- Instructions to follow
Beginning with the line of the entries below that holds "SKULL HEAD SKELETON" and ending with the line that holds "Hammond Square Ottoman, Antique", transcribe each line exactly as written. Pictures stay out.

- Records for the exercise
----

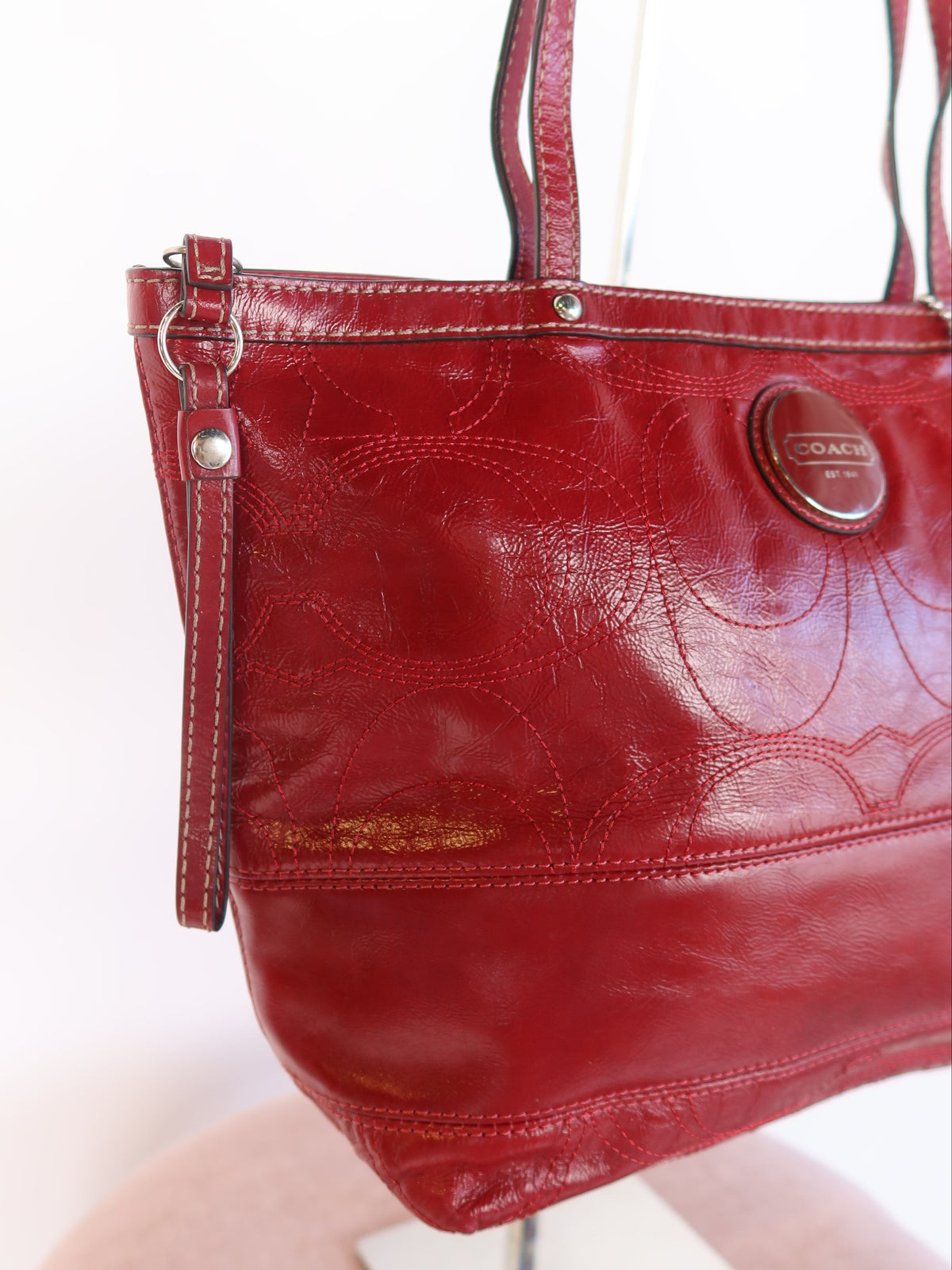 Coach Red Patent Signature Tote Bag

----

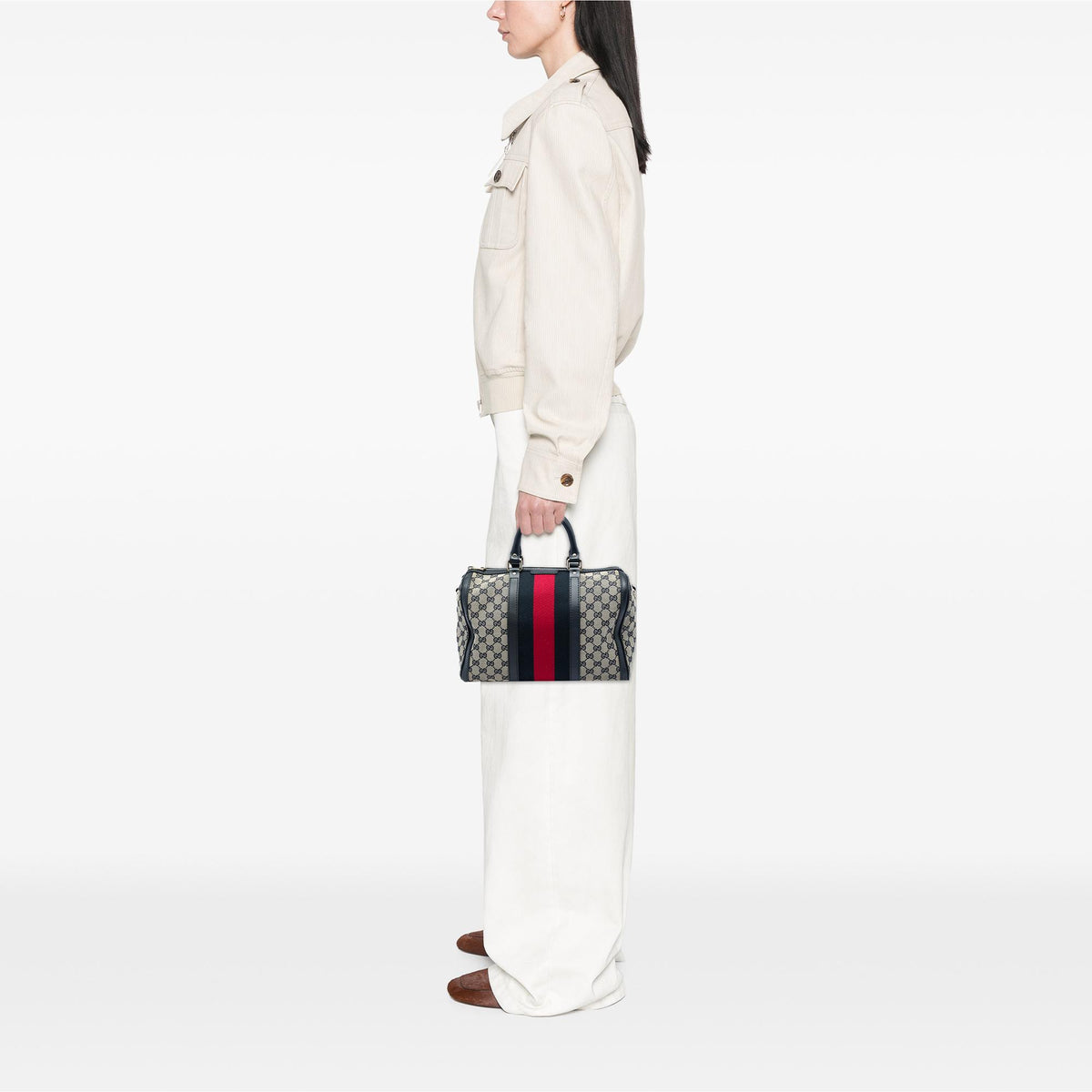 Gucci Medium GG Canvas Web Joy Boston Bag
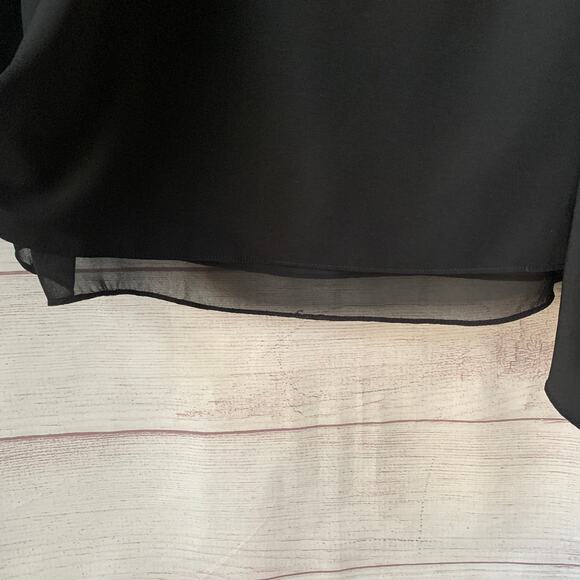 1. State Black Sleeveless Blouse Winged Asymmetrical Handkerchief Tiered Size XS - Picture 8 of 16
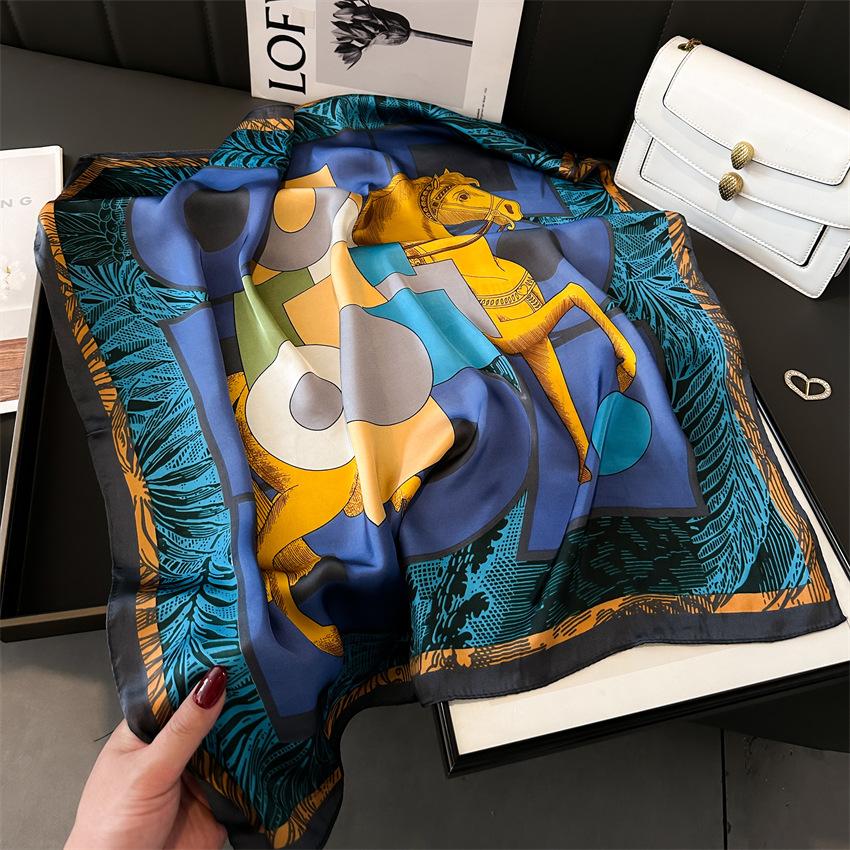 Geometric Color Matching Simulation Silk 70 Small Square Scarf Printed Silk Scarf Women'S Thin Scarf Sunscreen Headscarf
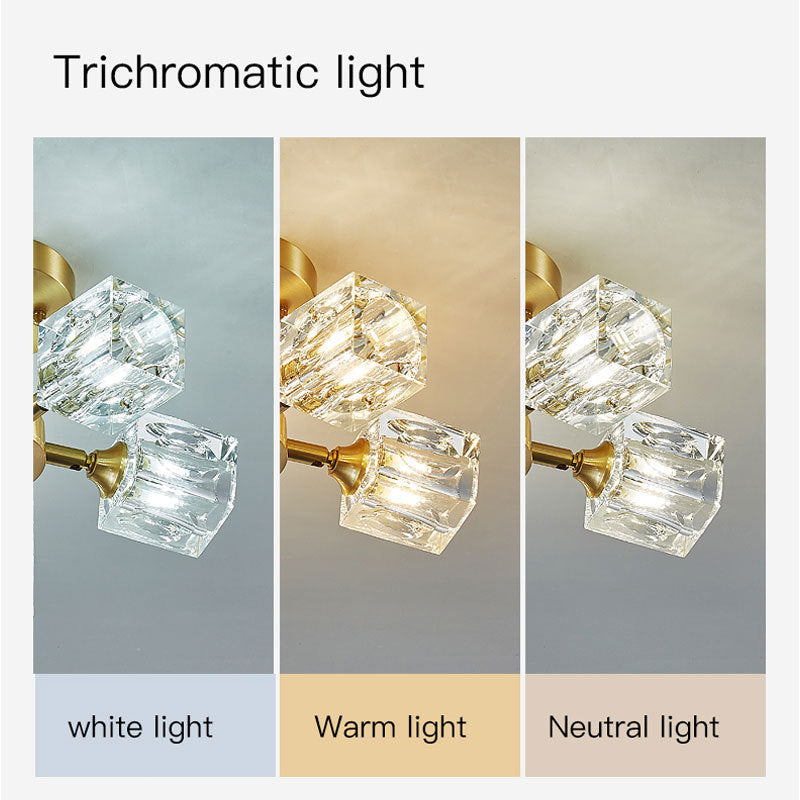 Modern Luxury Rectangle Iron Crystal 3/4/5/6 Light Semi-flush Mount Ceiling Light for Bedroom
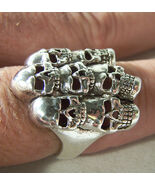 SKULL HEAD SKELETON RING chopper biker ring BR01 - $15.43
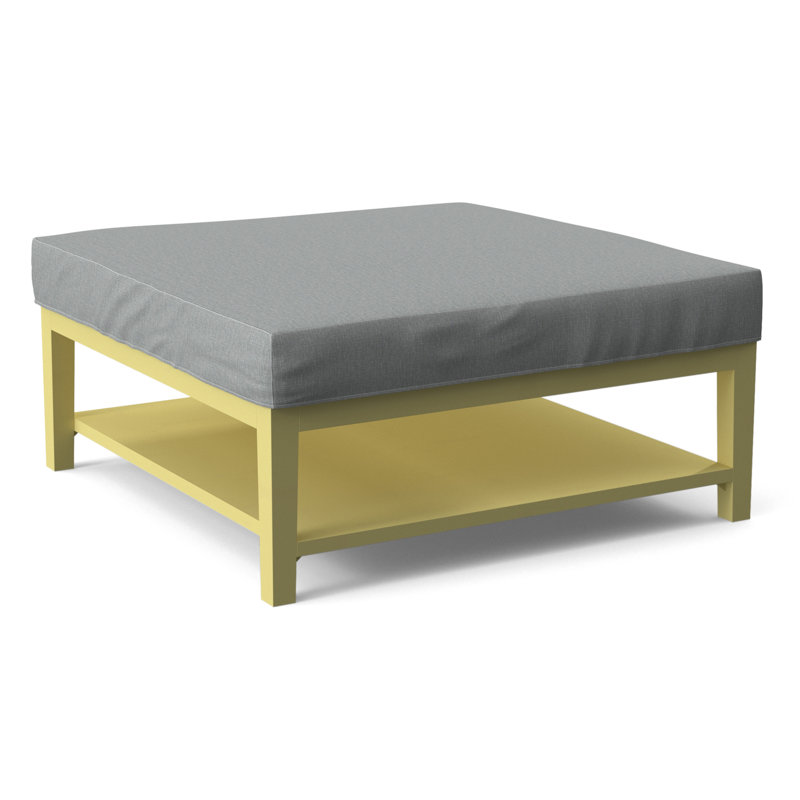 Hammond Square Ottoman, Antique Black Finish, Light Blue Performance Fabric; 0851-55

----

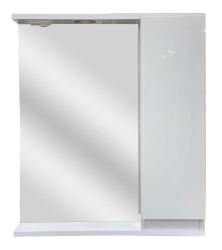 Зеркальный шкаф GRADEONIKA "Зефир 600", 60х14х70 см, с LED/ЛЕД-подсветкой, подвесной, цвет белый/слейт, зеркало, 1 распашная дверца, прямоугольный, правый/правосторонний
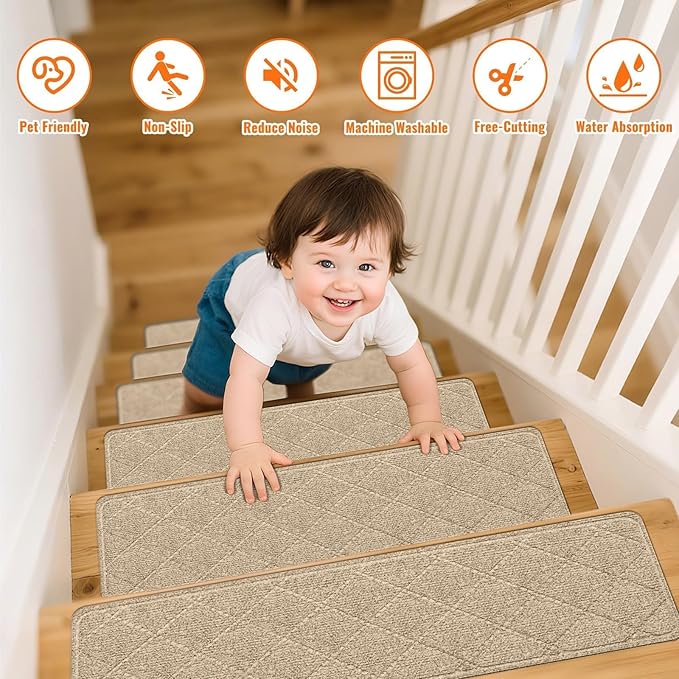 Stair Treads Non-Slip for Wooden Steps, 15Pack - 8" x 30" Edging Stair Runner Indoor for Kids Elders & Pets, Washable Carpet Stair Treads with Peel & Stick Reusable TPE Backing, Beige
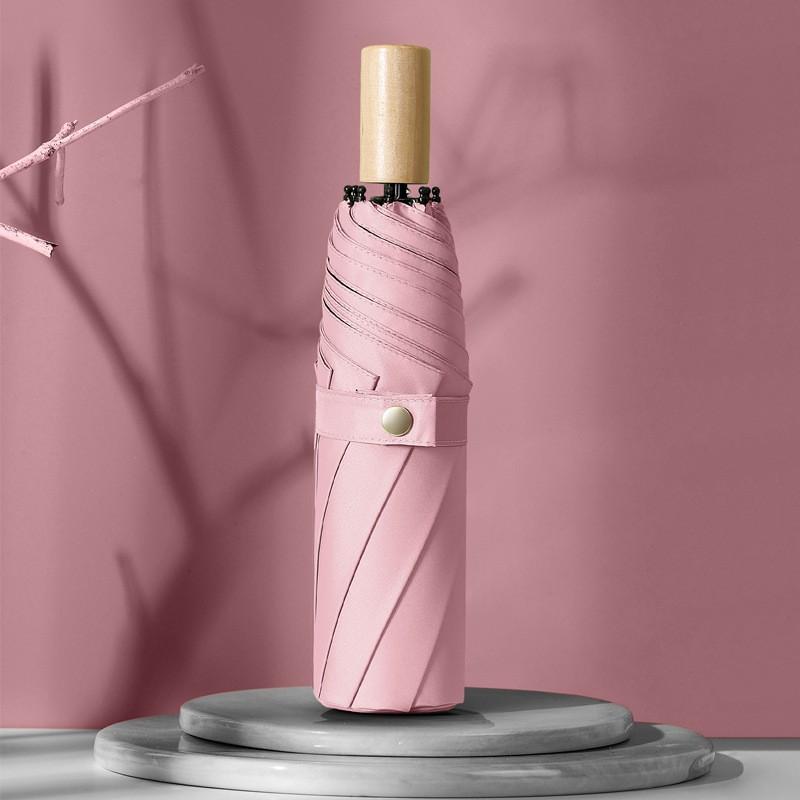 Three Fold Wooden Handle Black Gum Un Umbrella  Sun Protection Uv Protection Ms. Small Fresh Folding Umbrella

----

- Result for this exercise
 SKULL HEAD SKELETON RING chopper biker ring BR01 - $15.43
 Hammond Square Ottoman, Antique Black Finish, Light Blue Performance Fabric; 0851-55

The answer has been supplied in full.